Pasar y pisar


Mi tía miraba por la ventanilla, y preguntó: Este señor que canta, ¿Quién es? ¡Menudo vozarrón tiene!. Mi hermano le contestó: es una mujer, se llama Mercedes Sosa.
…¡Ah! ¿Es una comunista?
Es una cantante…

La conversación se zanjó ahí, mi hermano no quería, ni tenía que explicar nada más y mi tía, prefería no escucharlo. Íbamos camino al mejor pueblo del mundo, Agaete, a merendar en casa de la suegra de mi hermano, que además de encantadora, hacía un queque buenísimo. Mi madre y mi tía, eran hermanas, sólo porque compartían libro de familia y nunca se separaban, porque física, mental e ideológicamente, eran dos seres extraños y completamente distintos. Mercedes Sosa, no era la misma persona para las dos.

En esa cinta, había grabado un concierto en directo en Buenos Aires del que me enamoré con siete años y no podía parar de escuchar canciones como, La Arenosa, Los Hermanos o Como la Cigarra, todo ello con el esfuerzo de localizarlas en un cassette. Me hice adicta a Mercedes, como a Silvio, a Sabina, a Rubén Blades o Héctor Lavoe, adicta e incomprendida, porque yo tenía edad de escuchar Xuxa.

Más de veinte años después, una amiga me llamó, yo estaba ejerciendo y alguien necesitaba la ayuda de una abogada. Cuando entró en mi despacho, sólo tuve que mirarle una vez para darme cuenta de que era, el tipo de persona, que me encanta. Venía caminando, con su mochila y yo, mientras le escuchaba, tenía ganas de darle un abrazo o cogerle las manos, cosa que terminé por hacer.

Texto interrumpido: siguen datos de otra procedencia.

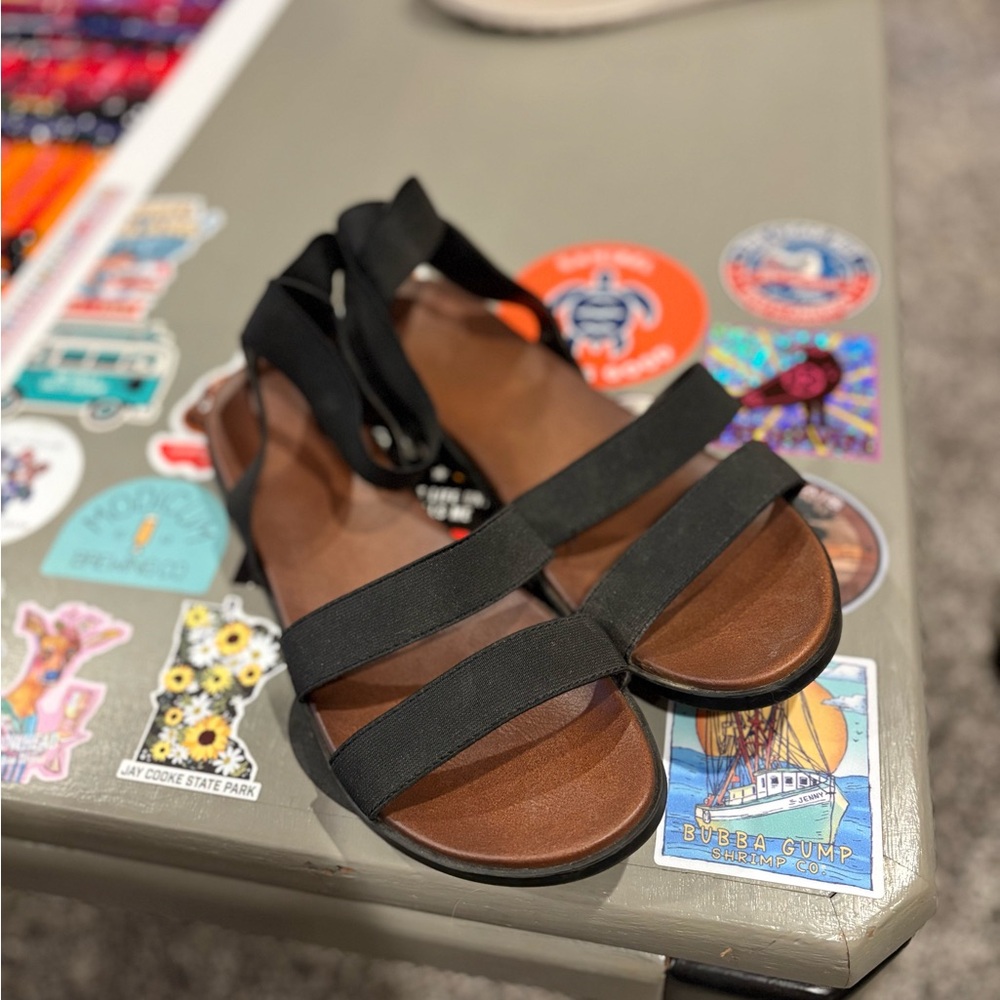 Black Elastic Strappy Sandals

Cuando empezó a explicar, por qué venía, se me erizó el cuerpo, como siempre ocurre, cuando una causalidad llega a mí. Era alguien tan cercano a Mercedes Sosa, que estaba junto a su cama, cuando murió. Obviamente, dejamos de hablar de nosotros y nos centramos en ella. Cada vez que venía a pagar mis honorarios, me traía cosas y discos de Mercedes. Me prestó un libro, con una cariñosa dedicatoria, que en su momento, ella le puso. En el último pago, vino abatido porque su padre acababa de morir, quise devolverle el libro, pero no lo cogió, se había dado cuenta, de cómo su padre se apagaba y marchaba, mientras todo lo material quedaba aquí, “No quiero cosas materiales Carla, quiero que lo tengas tu, para que me recuerdes”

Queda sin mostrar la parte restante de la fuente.